* Exercise brief:
Only a number is wanted: the count of lines in this listing that contain "freqüentemente".

* Task material:
★ ★ ★

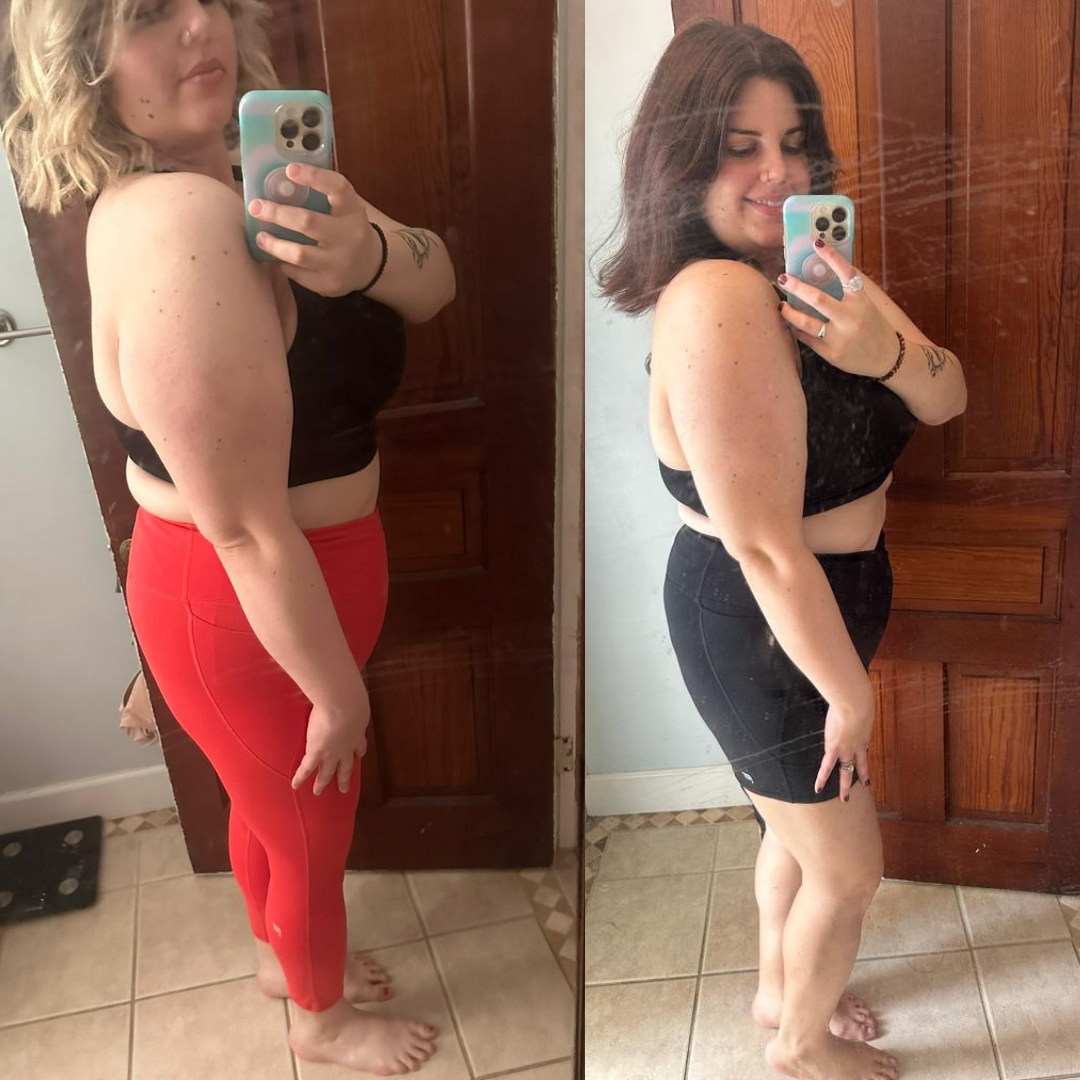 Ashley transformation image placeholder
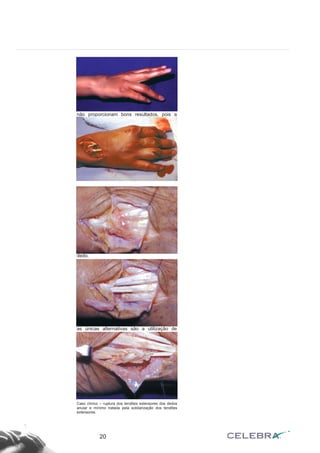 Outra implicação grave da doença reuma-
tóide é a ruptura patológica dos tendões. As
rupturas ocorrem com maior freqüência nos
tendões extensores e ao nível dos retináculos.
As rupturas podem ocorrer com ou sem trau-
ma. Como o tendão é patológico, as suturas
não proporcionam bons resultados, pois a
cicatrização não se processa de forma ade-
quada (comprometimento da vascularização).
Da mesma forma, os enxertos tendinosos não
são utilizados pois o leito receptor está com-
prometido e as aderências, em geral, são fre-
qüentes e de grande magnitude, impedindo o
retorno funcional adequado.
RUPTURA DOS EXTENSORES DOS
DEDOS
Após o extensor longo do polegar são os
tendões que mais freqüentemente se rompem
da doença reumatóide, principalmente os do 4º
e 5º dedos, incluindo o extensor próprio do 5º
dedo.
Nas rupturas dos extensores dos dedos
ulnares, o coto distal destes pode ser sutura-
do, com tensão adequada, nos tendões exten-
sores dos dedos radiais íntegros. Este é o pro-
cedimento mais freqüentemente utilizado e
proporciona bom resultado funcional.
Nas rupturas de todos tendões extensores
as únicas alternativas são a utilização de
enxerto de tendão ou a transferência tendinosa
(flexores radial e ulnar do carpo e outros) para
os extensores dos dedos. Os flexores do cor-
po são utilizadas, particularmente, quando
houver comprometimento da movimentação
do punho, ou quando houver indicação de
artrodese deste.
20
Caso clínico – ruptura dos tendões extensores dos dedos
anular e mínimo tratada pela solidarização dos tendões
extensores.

★ ★ ★

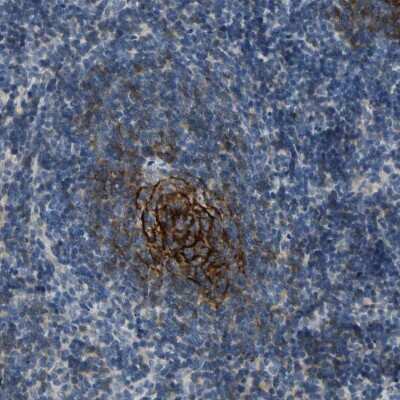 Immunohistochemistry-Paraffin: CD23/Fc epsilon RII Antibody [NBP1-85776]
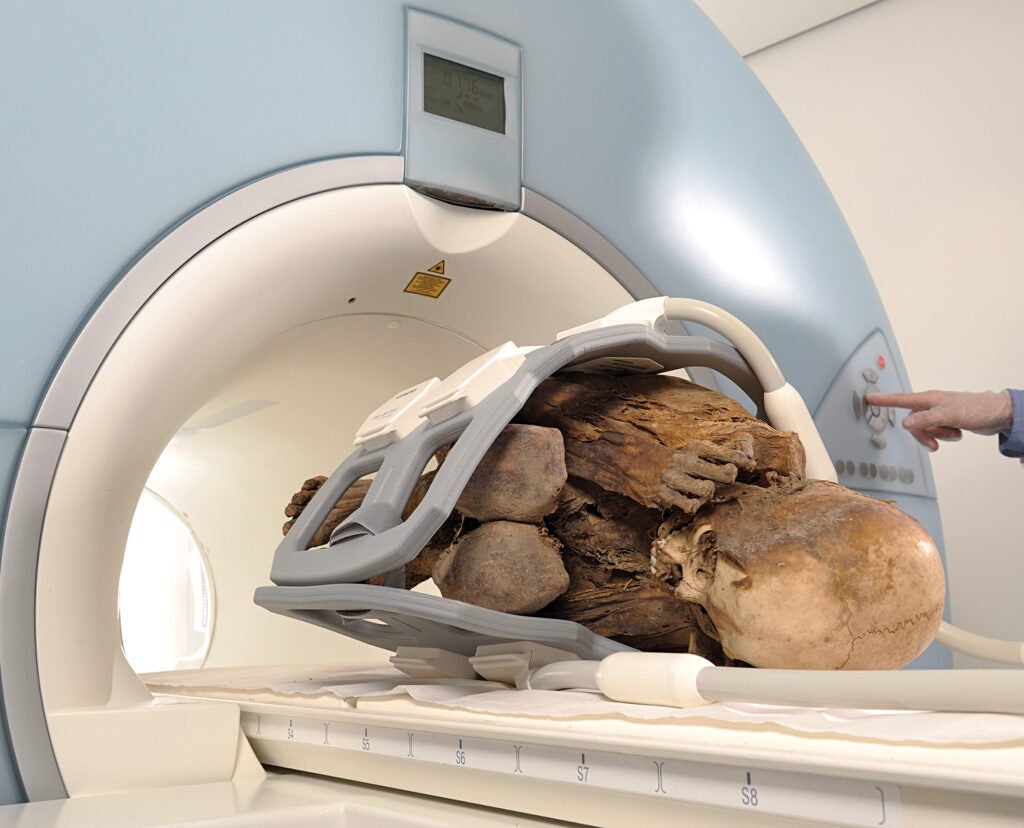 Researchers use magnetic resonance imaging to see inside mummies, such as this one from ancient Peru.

★ ★ ★

* Task output:
2